I have consulted or worked directly for at least 40 different recruitment departments and, from Fortune 500s to start ups, this is where each one of them fails. A large part of why I was very successful at each of these places was because I made sure that every candidate got through the process within 10 days of resume receipt to offer. Time kills every deal and you will definitely lose top talent if you are not quick on the process. Most companies—especially large ones—can take over 4 weeks to get through their process. And if you can be more agile than they are, you will have a huge competitive advantage. Top talent will be already working at your company while others are still trying to coordinate interview number 7.

2. Make it Personal
You may already be doing this (which is great!), but it’s imperative that you make your job posting personal and catchy. Your postings should reflect the personality of your company. Be charming, don’t be afraid of injecting some humor into it, be real with the potential applicant. This may sound incredibly simple, but you would be amazed by how far this goes.
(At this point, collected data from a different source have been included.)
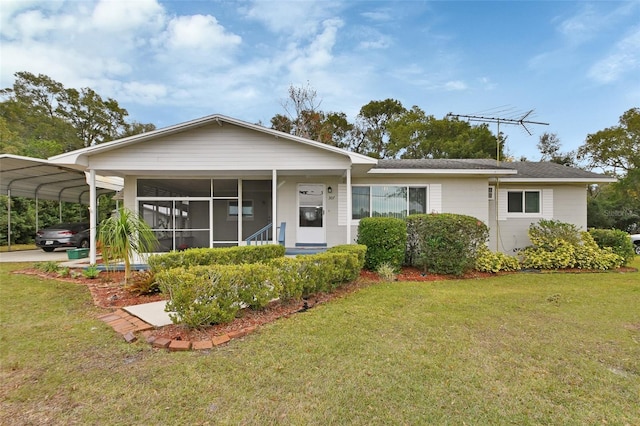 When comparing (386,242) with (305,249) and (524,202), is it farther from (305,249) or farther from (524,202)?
(524,202)

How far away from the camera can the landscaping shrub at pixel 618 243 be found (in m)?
9.20

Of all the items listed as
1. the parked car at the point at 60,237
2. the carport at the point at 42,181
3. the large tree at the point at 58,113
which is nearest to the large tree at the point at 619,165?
the carport at the point at 42,181

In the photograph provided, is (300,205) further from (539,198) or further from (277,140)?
(539,198)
Remember, potential applicants are human beings—they are just as deep, and complicated, and vibrant as you are. They have hopes, dreams, and distinctive personalities. Appeal to the human side of an applicant and show them that your company is not just a place to show up and get a paycheck, but something much more.

3. Employee Referrals Are Your Best Friend
I cannot emphasize this enough: employee referrals are enormously important. Even though it’s fairly obvious that top talent will know other top talent, companies tend to ignore this or, at the very least, spend an insufficient amount of time leveraging this. This is something that I would experience multiple times a week while at other firms.

Don’t be afraid to go from office to office and ask employees for names. If they have someone in mind, ask about them and drive the initiative to find the amazing talent they know.

If you do not already have a referral bonus program in place, I strongly recommend starting one ASAP. Countless data and metrics have shown that internal referrals are far and away the best hires any company can make.

4. Have a Superstar as Your Point of Contact
It’s important that your initial point of contact for potential employees is the best marketer or sales person in your company. I’ve found that the recruiting and talent acquisition industry is failing so miserably because companies roll their recruitment efforts into HR. I have never understood this!

Recruiting is the most important form of sales and marketing in any company because you’re selling the company to build the heart of your organization. Why wouldn’t you have your best sales or marketing person handle this job?

I strongly recommend that you make your initial point of contact someone who has a warm demeanor, can quickly build rapport, is extremely likeable, and more. You can’t start a fire without a spark, right?